- ASSIGNMENT:
In the listing below, locate the line that contains "Grijs Nieuw 2025" and the line that contains "225 Peeler Trl, Madison, TN 37115". Restate word for word those two lines and every line between them, and nothing else.
━━━━━━━━━━
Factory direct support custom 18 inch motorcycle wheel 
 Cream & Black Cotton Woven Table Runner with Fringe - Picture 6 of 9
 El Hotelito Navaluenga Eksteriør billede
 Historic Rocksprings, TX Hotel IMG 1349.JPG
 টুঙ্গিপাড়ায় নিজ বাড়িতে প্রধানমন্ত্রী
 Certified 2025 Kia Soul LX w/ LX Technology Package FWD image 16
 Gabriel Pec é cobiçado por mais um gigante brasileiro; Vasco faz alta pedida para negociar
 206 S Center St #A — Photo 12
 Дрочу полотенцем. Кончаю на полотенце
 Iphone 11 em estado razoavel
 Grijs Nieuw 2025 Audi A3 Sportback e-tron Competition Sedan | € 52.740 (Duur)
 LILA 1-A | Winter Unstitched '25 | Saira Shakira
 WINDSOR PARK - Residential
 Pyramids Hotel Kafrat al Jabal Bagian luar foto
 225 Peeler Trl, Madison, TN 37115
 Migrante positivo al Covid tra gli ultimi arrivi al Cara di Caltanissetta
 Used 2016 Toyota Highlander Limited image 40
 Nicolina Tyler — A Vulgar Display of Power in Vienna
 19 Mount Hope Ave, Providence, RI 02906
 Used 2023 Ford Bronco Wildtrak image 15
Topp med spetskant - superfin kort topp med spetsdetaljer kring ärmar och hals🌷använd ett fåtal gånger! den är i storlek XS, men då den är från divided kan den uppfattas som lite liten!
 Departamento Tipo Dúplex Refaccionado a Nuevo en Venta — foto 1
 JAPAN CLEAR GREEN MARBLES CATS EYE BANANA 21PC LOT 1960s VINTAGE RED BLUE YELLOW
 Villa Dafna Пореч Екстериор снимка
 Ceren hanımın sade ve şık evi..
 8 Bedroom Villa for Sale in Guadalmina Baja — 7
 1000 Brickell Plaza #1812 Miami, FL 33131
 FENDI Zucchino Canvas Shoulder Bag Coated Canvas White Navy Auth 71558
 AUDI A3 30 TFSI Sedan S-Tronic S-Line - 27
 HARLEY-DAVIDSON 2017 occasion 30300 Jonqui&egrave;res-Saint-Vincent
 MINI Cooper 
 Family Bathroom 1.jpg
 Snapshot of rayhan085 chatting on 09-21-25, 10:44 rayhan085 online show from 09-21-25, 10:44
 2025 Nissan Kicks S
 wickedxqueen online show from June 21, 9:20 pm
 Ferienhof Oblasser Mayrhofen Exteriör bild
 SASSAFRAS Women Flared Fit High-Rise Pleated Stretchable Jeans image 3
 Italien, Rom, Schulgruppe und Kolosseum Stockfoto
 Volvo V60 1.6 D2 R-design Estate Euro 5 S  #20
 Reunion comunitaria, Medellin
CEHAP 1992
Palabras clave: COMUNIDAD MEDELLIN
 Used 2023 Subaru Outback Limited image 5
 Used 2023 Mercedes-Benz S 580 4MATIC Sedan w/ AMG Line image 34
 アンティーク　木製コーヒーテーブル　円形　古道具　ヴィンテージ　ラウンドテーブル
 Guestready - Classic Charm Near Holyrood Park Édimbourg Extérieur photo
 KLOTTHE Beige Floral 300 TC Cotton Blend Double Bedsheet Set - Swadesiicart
━━━━━━━━━━
- EXERCISE SOLUTION:
 Grijs Nieuw 2025 Audi A3 Sportback e-tron Competition Sedan | € 52.740 (Duur)
 LILA 1-A | Winter Unstitched '25 | Saira Shakira
 WINDSOR PARK - Residential
 Pyramids Hotel Kafrat al Jabal Bagian luar foto
 225 Peeler Trl, Madison, TN 37115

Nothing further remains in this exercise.